▶ Problem to solve
Below this line are records; transcribe exactly the lines between the one holding "Outsunny Invernadero de" and the one holding "Trieste art painting", inclusive, and omit the pictures.

▶ Input data
::::
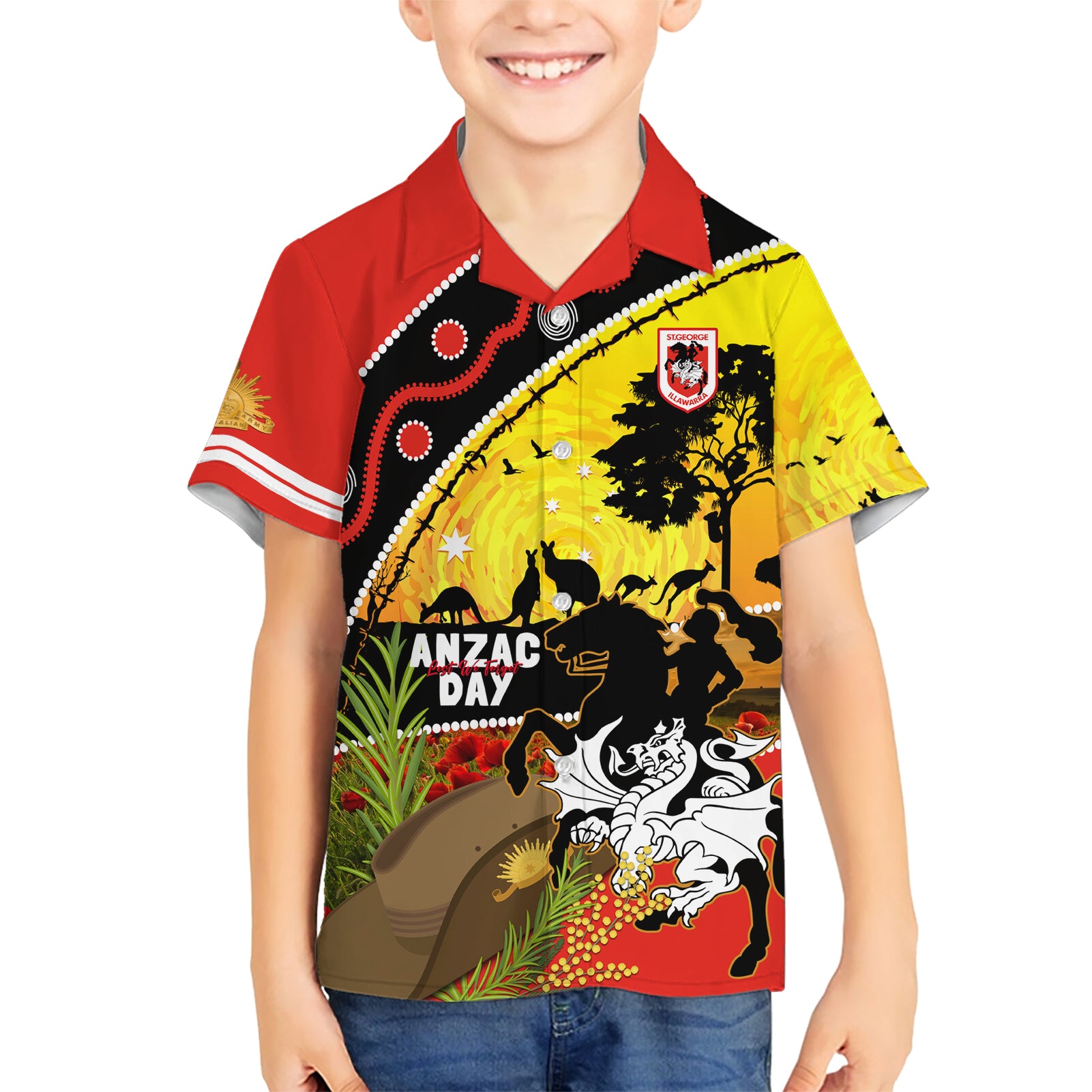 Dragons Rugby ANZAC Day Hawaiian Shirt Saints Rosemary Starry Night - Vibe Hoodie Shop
::::
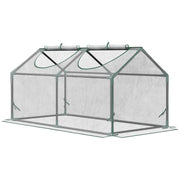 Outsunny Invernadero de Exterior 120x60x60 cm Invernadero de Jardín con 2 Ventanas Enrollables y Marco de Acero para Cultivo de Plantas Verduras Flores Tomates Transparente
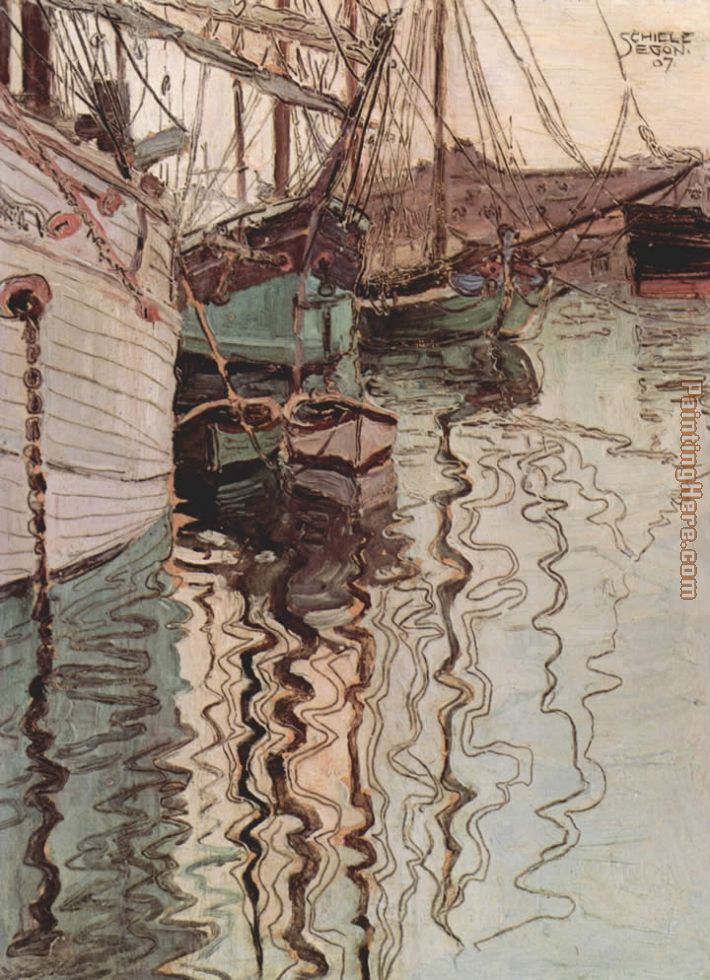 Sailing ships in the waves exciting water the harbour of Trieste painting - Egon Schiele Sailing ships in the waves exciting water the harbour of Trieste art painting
::::
▶ Result
 Outsunny Invernadero de Exterior 120x60x60 cm Invernadero de Jardín con 2 Ventanas Enrollables y Marco de Acero para Cultivo de Plantas Verduras Flores Tomates Transparente
 Sailing ships in the waves exciting water the harbour of Trieste painting - Egon Schiele Sailing ships in the waves exciting water the harbour of Trieste art painting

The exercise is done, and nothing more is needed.